Note
Go to the end to download the full example code. or to run this example in your browser via JupyterLite or Binder
Multiple Randomized Cross-Validation#
This tutorial introduces MultipleRandomizedCV
,
which is based on the “Multiple Randomized Backtests” methodology of Palomar in [1].
This cross-validation strategy performs a Monte Carlo–style evaluation by repeatedly
sampling distinct asset subsets (without replacement) and contiguous time
windows, then applying an inner walk-forward split to each subsample, capturing both
temporal and cross-sectional variability in performance.
In this example, we build a portfolio model composed of a preselection of top
performers, followed by a Hierarchical Equal Risk Contribution optimization with
covariance shrinkage. We split the dataset into training and testing sets, tune
hyperparameters on the training set, and then evaluate the final portfolio models on
the test set using MultipleRandomizedCV
.
Data Loading#
We load the FTSE 100 dataset, which contains daily prices of 64 assets from the FTSE 100 index, spanning 2000-01-04 to 2023-05-31.

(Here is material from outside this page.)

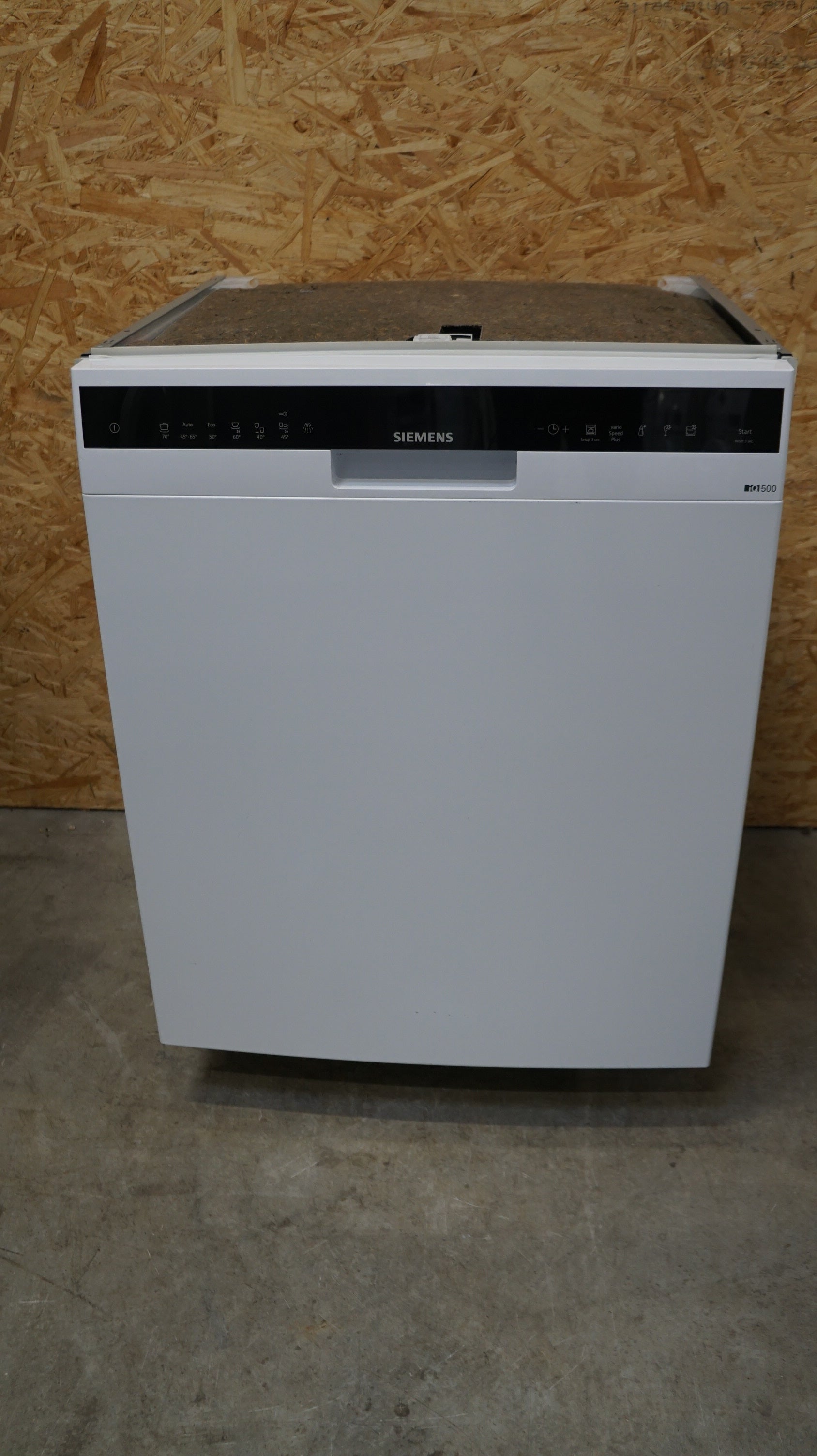 Simens opvaskemaskine SN457W04MS - D10685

import scipy.stats as stats
from plotly.io import show
from sklearn import set_config
from sklearn.model_selection import RandomizedSearchCV, train_test_split
from sklearn.pipeline import Pipeline
from skfolio import Population, RatioMeasure, RiskMeasure
from skfolio.datasets import load_ftse100_dataset
from skfolio.metrics import make_scorer
from skfolio.model_selection import MultipleRandomizedCV, WalkForward, cross_val_predict
from skfolio.moments import ShrunkCovariance
from skfolio.optimization import HierarchicalEqualRiskContribution
from skfolio.pre_selection import SelectKExtremes
from skfolio.preprocessing import prices_to_returns
from skfolio.prior import EmpiricalPrior
set_config(transform_output="pandas")
prices = load_ftse100_dataset()
returns = prices_to_returns(prices)
# Sequential train-test split: 67% training, 33% testing.
# `shuffle=False` preserves chronological order, crucial for time-series data.

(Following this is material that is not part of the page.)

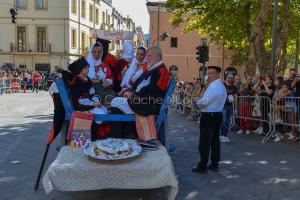 Nuoro, Redentore 2022, sfilata abiti tradizionali (foto F.Nieddu) 005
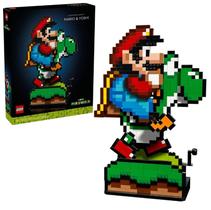 Super Mario Mario e Yoshi Lego 71438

X_train, X_test = train_test_split(returns, test_size=0.33, shuffle=False)
Portfolio Construction#
We build a pipeline that first selects the top-k assets by Sharpe ratio, then allocates weights via Hierarchical Equal Risk Contribution using a shrunk covariance estimator.
pre_selection = SelectKExtremes(k=10, measure=RatioMeasure.SHARPE_RATIO, highest=True)

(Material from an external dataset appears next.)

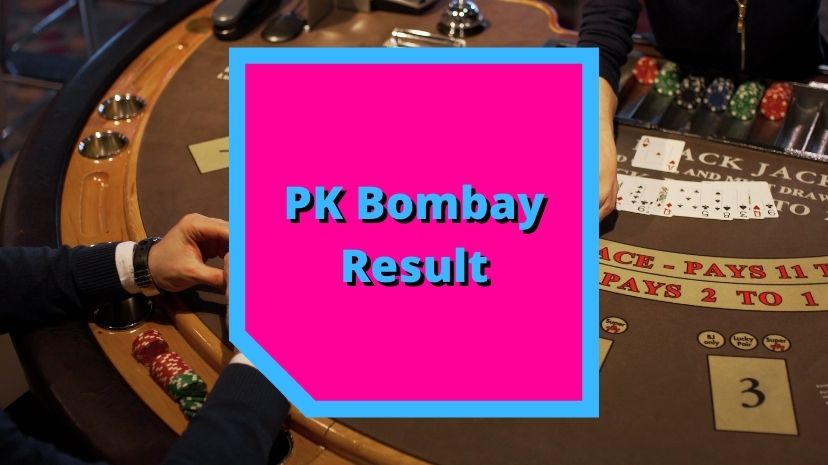 pk bombay result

optimization = HierarchicalEqualRiskContribution(
prior_estimator=EmpiricalPrior(
covariance_estimator=ShrunkCovariance(shrinkage=0.5)
),
risk_measure=RiskMeasure.VARIANCE,
)
model_bench = Pipeline(
[
("pre_selection", pre_selection),
("optimization", optimization),
]
)
Rebalancing Strategy#
We use WalkForward
to define a monthly rebalancing
(20 trading days), training on the prior year (252 trading days):
walk_forward = WalkForward(test_size=20, train_size=252)
Note that WalkForward
also supports specific
datetime frequencies. For examples, we could use
walk_forward = WalkForward(test_size=1, train_size=12, freq="WOM-3FRI")
to
rebalance monthly on the third Friday (WOM-3FRI), training on the prior 12
months.
Hyperparameter Tuning#
Initially, the number of selected assets and the shrinkage parameter were
chosen randomly. We use RandomizedSearchCV
to explore these parameters and
find the combination that maximizes the mean out-of-sample CVaR ratio.
random_search = RandomizedSearchCV(
estimator=model_bench,
cv=walk_forward,
n_jobs=-1,
param_distributions={
"pre_selection__k": stats.randint(10, 30),
"optimization__prior_estimator__covariance_estimator__shrinkage": stats.uniform(
0, 1
),
},
n_iter=30,
random_state=0,
scoring=make_scorer(RatioMeasure.CVAR_RATIO),
)
random_search.fit(X_train)
# Retrieve the best estimator from the search.
model_tuned = random_search.best_estimator_
model_tuned
In practice, it’s recommended to increase n_iter
to sample more parameter
combinations, then plot those samples to ensure adequate search-space coverage and
examine the convergence of training and test performance. (see the
L1 and L2 Regularization tutorial).
Standard Walk-Forward Analysis#
We evaluate both the benchmark and tuned models on the test set using standard walk-forward analysis, which yields a single backtest path per model. A single backtest path represents one possible trajectory of cumulative returns under the given rebalancing scheme and parameter set. While easy to compute, it may understate the variability and uncertainty of real-world performance compared to Monte Carlo-based methods.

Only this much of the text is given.